There are 8-bit character codes in common use that are identical with ASCII in the first 128 positions, but these are not ASCII. Some common codes are listed below under ISO 8859.
Unicode
The Unicode Standard is the universal character encoding standard used for representation of text for computer processing. It was originally intended to be a 16 bit character set, but it is now seen that 65536 characters are insufficient. As a result, different implementations use different character sizes for ‘native’ Unicode representation. For example, Windows uses 16-bit characters, Linux typically uses 32-bit characters. Nevertheless, there are well-defined standards which permit the orderly interchange of Unicode data.
It should be noted that most modern software systems (e.g., Windows, Java) use Unicode as their exclusive internal text representation.
MIME
Multipurpose Internet Mail Extensions MIME is an Internet standard that specifies how messages must be formatted so that they can be exchanged between different mail systems. MIME allows you to include just about any kind of file in an email message. Some examples include text, images, audio, video, and character sets other than ASCII. SMIME is a more secure version of MIME that allows for the use of encryption when sending files in an email message.
ISO 8859
ISO 8859 is a full series of standardized multilingual single-byte coded (8bit) graphic character sets for writing in alphabetic languages. ISO 8859-1 is commonly used in the United States, and corresponds to the Western European alphabet as per the table below:
Latin1 (West European) Latin2 (East European) Latin3 (South European) Latin4 (North European) Cyrillic Arabic Greek Hebrew Latin5 (Turkish) Latin6 (Nordic)
Hanlon’s Razor
“Never attribute to malice that which can be adequately explained by stupidity.”
Hanlon – as used in the name – is thought to be a modification of “Heinlein, due to the fact that he use a similar phrase in his book “Logic of Empire” in 1941.
Finagle’s Law
This proverb is also referred to as “Finagle’s Law of Dynamic Negatives”, and is simply a “folk” version of Murphy’s Law.

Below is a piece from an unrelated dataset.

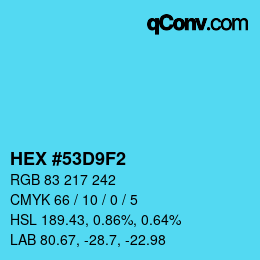 Color code: HEX #53D9F2 | qconv.com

“Anything that can go wrong, will.”
Murphy’s Law
“If there are two or more ways to do something, and one of those ways can result in a catastrophe, then someone will do it.”
Murphy’s law is a priciple of defensive design coined by Edward A. Murphy, Jr., an engineer working on rocket-sleds for the Air Force in 1949. The saying quickly spread and mutated. Currently, the most popular form of the saying is Finagle’s Law – the “folk” version of the original proverb.
Sturgeon’s Law
“Ninety percent of everything is crap.”
This saying is derived from a quote by Theodore Sturgeon, who said:
“Sure, 90% of science fiction is crud. That’s because 90% of everything is crud.”
Ninety-Ninety Rule
“The first 90% of the code accounts for the first 90% of the development time. The remaining 10% of the code accounts for the other 90% of the development time.”
- a quote by Tom Cargill of Bell Labs.
Occam’s Razor
A simple concept attributed to the mediaeval philosopher William of Occam which states that one should not make any more assumptions than the minimum needed.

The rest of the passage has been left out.